Noëlogramme pour Benoît Melançon

Souriant, d’une humeur sans faille, toujours accueillant, l’oreille tendue : le Père Noël a toutes les caractéristiques du destinataire idéal. Mieux encore : en cas de défaillance – s’il lui arrive, par extraordinaire, de ne pas répondre lui-même à son courrier -, il est relayé par une équipe, petite mais dévouée, de lutins postaux. Non content de se servir des moyens traditionnels de communiquer, il s’est converti au courriel, même si l’on dit fréquemment que ses interlocuteurs continuent dans une large mesure à préférer le papier. Quoiqu’il en soit, le Père Noël assure.

J.R.R. Tolkien, le géniteur des hobbits, s’était avisé de l’universalité de cette correspondance de décembre : entre 1920 et 1943, il écrivit de pareilles lettres à ses enfants, depuis réunies en Lettres du Père Noël (C. Bourgois, 1977). Plus commercialement, des «noëlogrammes» font l’article dans les journaux de Montréal au début du XXe siècle. De ces lettres du Père Noël, on passe sans peine à celles au Père Noël. Patrick Bruel en chanté une (« Lettre au Père Noël »), de même que Fred Astaire (« Santa Claus is Coming to Town »). Laurent Boyer et Régine Torrent en ont édité un recueil en 1989 (Éditions no.1), et Nathaële Vogel a illustré les huit lettres écrites par le personnage de Nicolas de Hirsching en 2004 (Rageot). Cher Père Noël est un titre prisé : on en trouve quatre occurrences dans le catalogue de la Bibliothèque nationale de France, trois dans celui de la Bibliothèque nationale du Québec, deux dans celui de la Bibliothèque nationale du Canada, un dans celui de la Bibliothèque de la Ville de Montréal…

Benoît Melançon, Écrire au pape et au Père Noël. Cabinet de curiosités épistolaires. Del Busso / Numeriklivres

Cher M. Melançon,

Je me suis délecté à la lecture de votre ouvrage comme un enfant qui découvre les surprises et les friandises cachées dans son bas le jour de Noël. Il faut vous remercier d’avoir constitué et partagé cette collection de lettres curieuses qui traversent le temps, les genres, la grandeur et la folie humaines, avec quelques animaux empaillés (comme le pigeon voyageur), des squelettes et beaucoup de pierres précieuses.

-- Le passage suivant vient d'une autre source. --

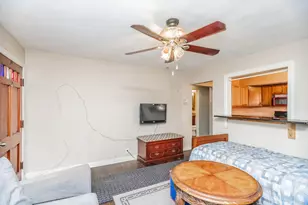 2202 E Washington St, Joliet, IL 60433 - Photo 8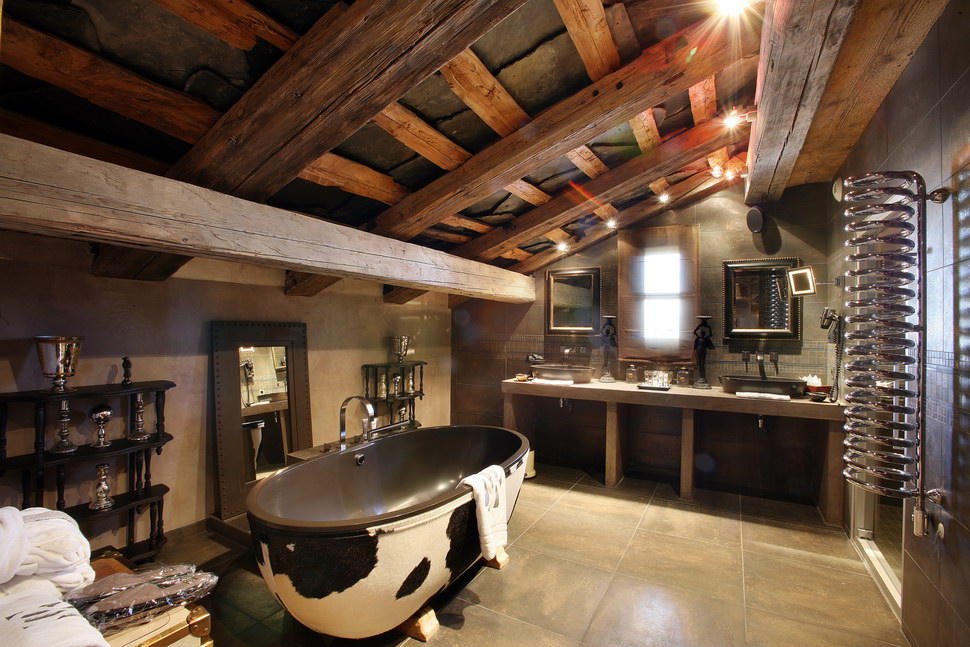 Ванная в деревянном доме на мансарде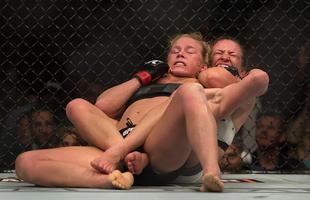 Miesha Tate finaliza Holly Holm com mata-leo, no quinto round, e conquista cinturo peso galo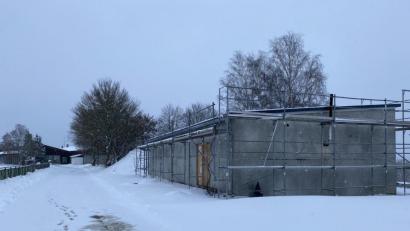 Bild: Eichl
Auf die Heizzentrale zwischen Feuerwehrhaus und Mehrzweckhalle (im Hintergrund) soll eine Photovoltaikanlage zum Eigenverbrauch des Marktes gebaut werden.
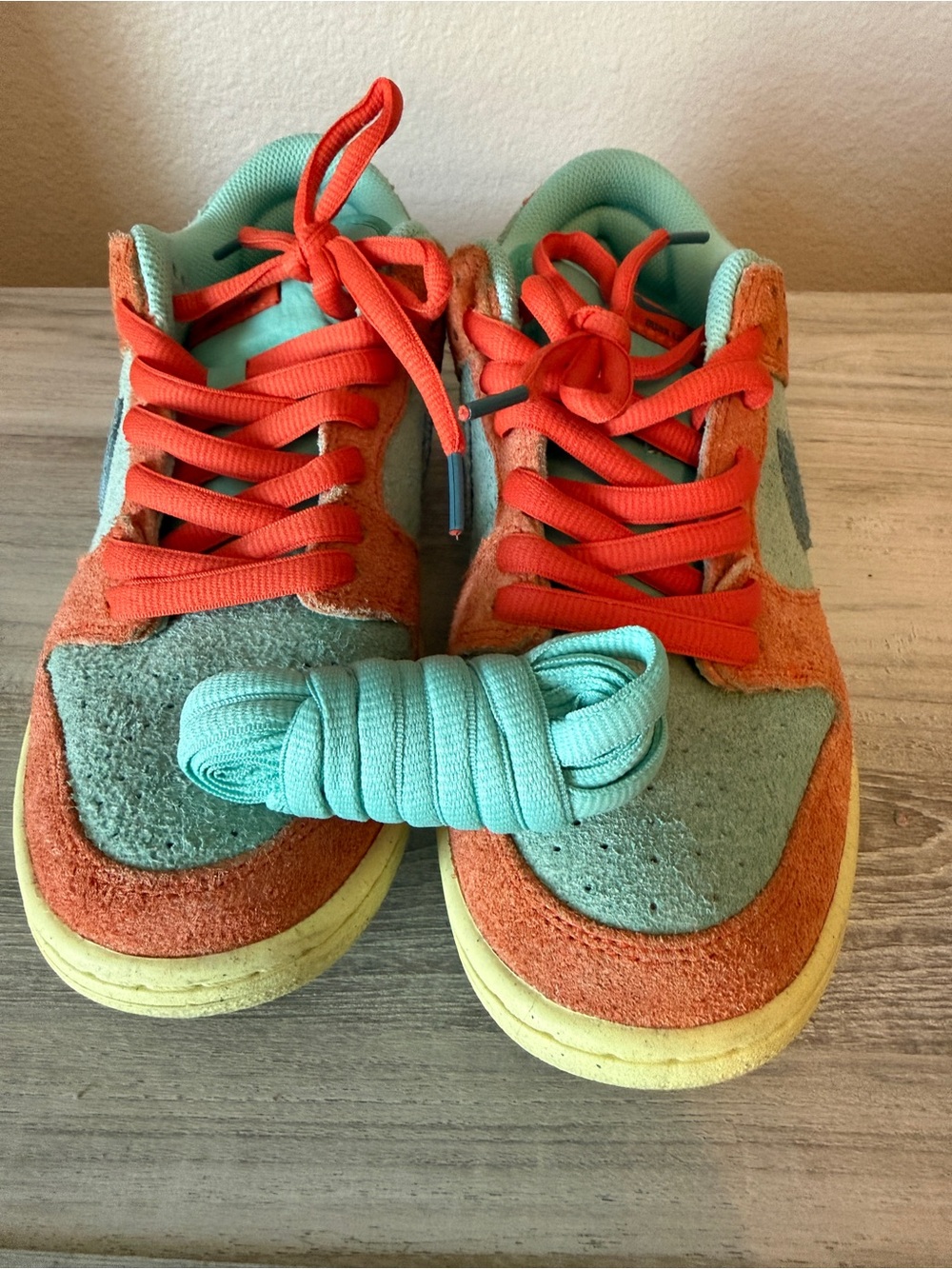 Nike SB Dunk Low Pro Premium "Orange Emerald Rise" - Picture 4 of 7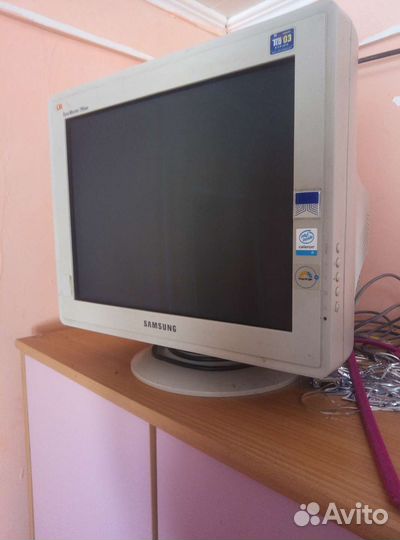 Монитор Samsung 17 дюймов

Ce livre fait le bonheur de son lecteur, surtout quand ce dernier aime assez cette activité pour se définir en tant que lecteur puisqu’il contient un immense réseau de références à d’autres oeuvres que l’on retrouve ou découvre et que l’on se hâte alors d’ajouter à la liste sans fin qui fait la bibliothèque de nos désirs. Je m’empresse de le recommander quand j’en ai la chance. Je l’ai déjà offert à deux de mes proches. D’autres le déballeront demain.

Je ne vous écris pas pour vous demander une cote là-dessus mais plutôt pour vous interpeler au sujet d’une vérification que j’ai effectuée dans le catalogue des Bibliothèques de Montréal. Lorsque l’on renseigne la boîte de recherche avec les mots-clés « Cher Père Noël », on obtient, non pas un seul résultat ainsi que vous le suggérez, mais bien cinq oeuvres, sans doublon, qui portent ce titre. Si les autres données concernant les institutions concurrentes sont maintenues (j’encourage les bibliothécaires des établissements mentionnés à vérifier par eux-mêmes), cette réévaluation permettrait aux Bibliothèques de Montréal de coiffer même la Bibliothèque nationale de France et d’arriver en tête du palmarès. Dans les circonstances, je proposerais de désigner Montréal, capitale de la Lettre au Père Noël, et j’inviterais les bibliothèques locales à créer un concours de lettres au Père Noël à chaque année, à numériser ces contributions citoyennes sous la forme d’une publication qui entrerait dans le catalogue et qui nous permettrait de préserver ce statut enviable. Vous direz peut-être que ce n’est pas une demande très créative mais vous reconnaîtrez qu’elle est susceptible de favoriser la création.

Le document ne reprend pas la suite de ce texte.